Travel Tip: Visit the site’s interpretive center first so you have an idea of what you’re looking at. There are guides on site that you can hire to give you a deeper understanding of the history of the place. Wear comfy shoes as there’s a lot of walking involved and there’s not much shade, so take a hat.
Mexico’s largest freshwater lake is located on the border between Jalisco and Michoacan states. The towns of Chapala and neighboring Ajijic are popular destinations for snowbirds and retirees who come for the picturesque scenery, local charm, and great climate. This area feels far from the hustle and bustle of Guadalajara. The lake is surrounded by mountains, and many migrating birds, including the white pelican, spend their winters on Lake Chapala. There are three islands on Lake Chapala, two of which you can visit: Isla Escorpion (Scorpion Island) and Isla Mezcala, sometimes called Isla del Presidio. Hire a boat from the town of Mezcala de la Asuncion to take you to this island, now a national monument. During the Mexican War of Independence, a group of some 1,500 rebels of the Coca indigenous group created a stronghold here and maintained their independence from the Spaniards from 1812 to 1816. Following their capitulation, the island served as a prison until 1855. Wander around to discover the ruins including a fortress with a drawbridge over a (now dry) moat.

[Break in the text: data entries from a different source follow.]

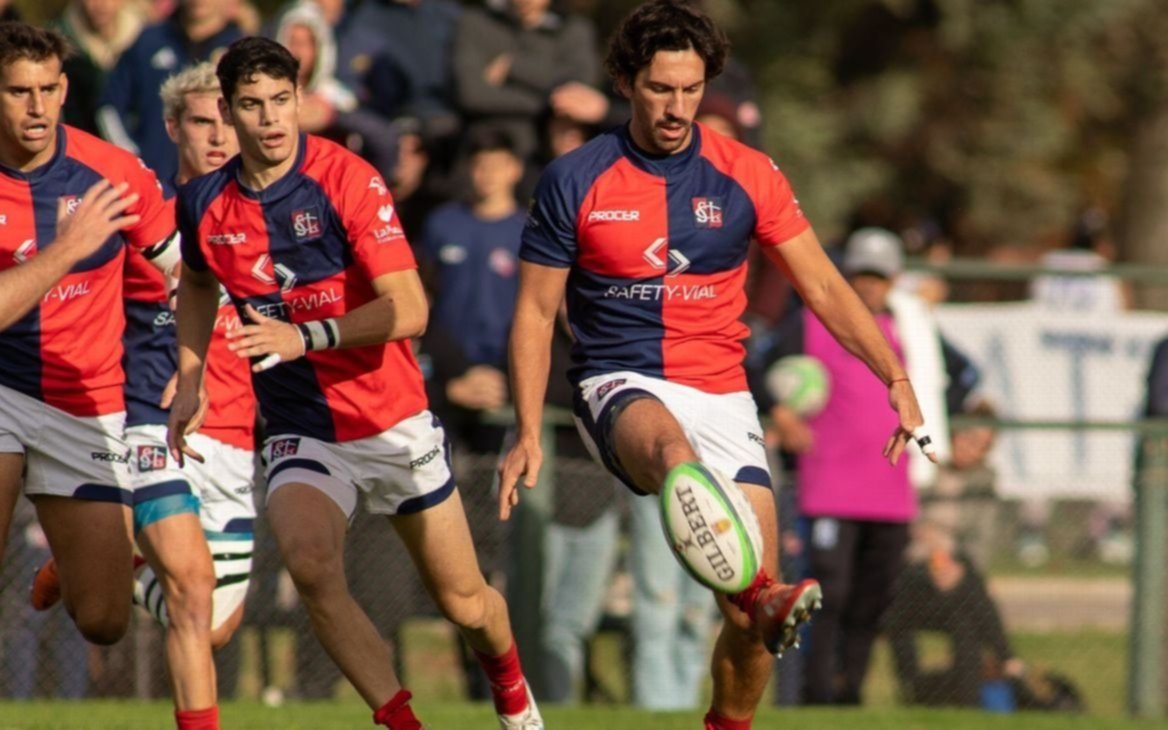 El rugby de la Región: San Luis ante el CASI, y La Plata y Los Tilos para seguir bien arriba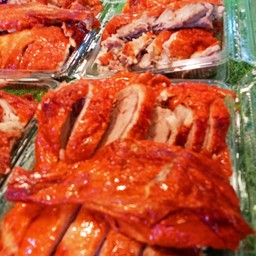 ป๋องเป็ดย่าง (ตลาดศรีนคร) ศรีนคร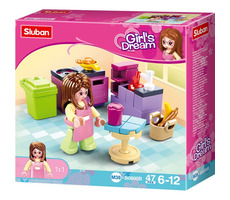 Sluban Girls Dream M38-B0800B Kuchyň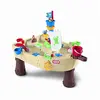 Image de Little Tikes Ancrage Eloigné Bateau de Pirate - Jeux d'Eau pour Enfants - Sécurisé & Portatif- Encourage le Jeu Créatif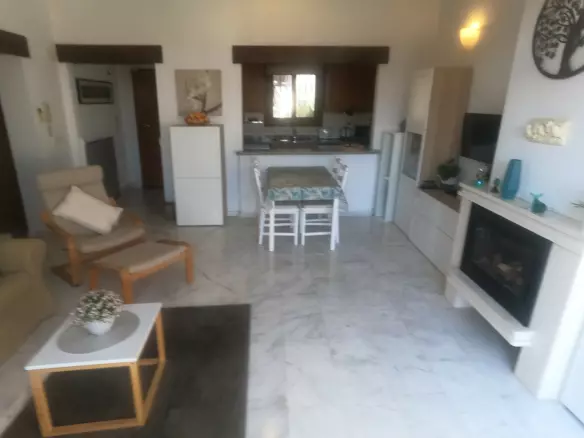 2-bedroom Bungalow In Algorfa, Spain (65 M²)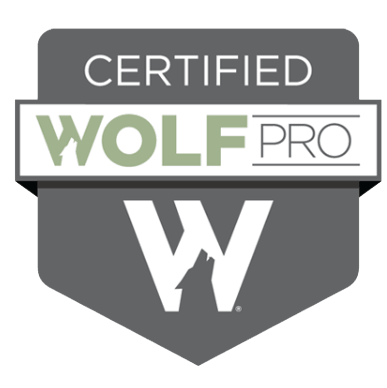 Certified Wolf Pro – F3 Construction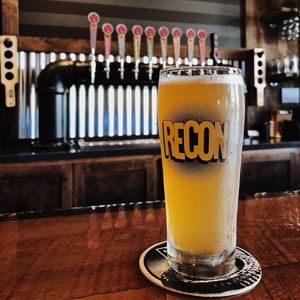 Image post by @reconbrewing on Instagram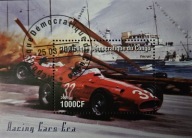 *T.0982*mB BLOCZEK Motoryzacja samochody Ferrari Racing Cars Era znaczki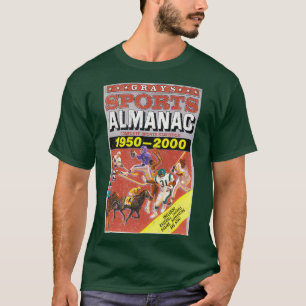 Grays Sports Almanac T Shirt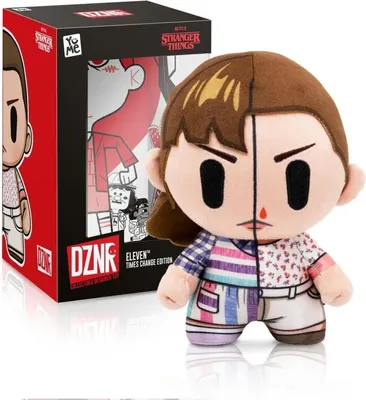 Obrázek produktu pro Stranger Things DZNR plyšák - Eleven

Getting There: Around 30 miles south of Guadalajara, it’s an easy one hour drive. Alternatively, Chapala Plus bus line offers multiple trips daily departing from the Central Vieja (“Old Bus Station”) in Guadalajara and you can get off in the center of Chapala or in Ajijic. Or for the least fuss, book a tour.
Travel Tip: Stop for lunch at the Hacienda del Lago in Ajijic, with beautiful grounds and your choice of indoor or outdoor seating. Be sure to leave room for dessert! Their passion fruit panna cotta is out of this world.
Tapalpa: Mountain Town and Rock Formations
Positioned in pine-covered mountains at 7,000 feet above sea level, Tapalpa is a scenic little town with traditional white houses with red tile roofs surrounded by beautiful natural landscapes. The town is known for its many waterfalls and scenic forest trails, as well as Las Piedrotas, a group of megalithic rocks that seem out of place in a large grassy valley. Enjoy the sweeping views while scrambling the rock formations, take a horseback ride or do a guided rock climbing/rappelling course.
Getting there: Tapalpa is located 83 miles south of Guadalajara, and it’s about a two-hour drive, so it makes for a long day trip. Go with a guide, or rent a car and go on your own.
Travel Tip: If you decide to spend the night instead of heading back to Guadalajara, the town square is lively in the evening and the hotel Casona del Manzano is a great choice for a comfortable stay.
Agua Caliente Water Park: Waterslides and Wave Pools
If you're in Guadalajara when the weather is hot (mainly during the spring and summer), or if you’re traveling with kids any time of year, you might enjoy a trip to the Agua Caliente water park. The pools are fed by hot springs, and there are multiple water slides and pools, including two wave pools. If you reserve in advance you can rent a private pool, which they fill with spring-fed thermal waters upon your arrival.
Getting There: Agua Caliente is located in Villa Corona, about a 45-minute drive from Guadalajara on the Guadalajara-Barra de Navidad Highway. To go by public transportation, you can catch a bus at the Central Vieja bus station: Transportes Bellavista offers a package that includes admission and transportation there and back.
Travel Tip: On weekends Agua Caliente can get very busy, but it’s usually uncrowded during the week (except during the Semana Santa Easter break).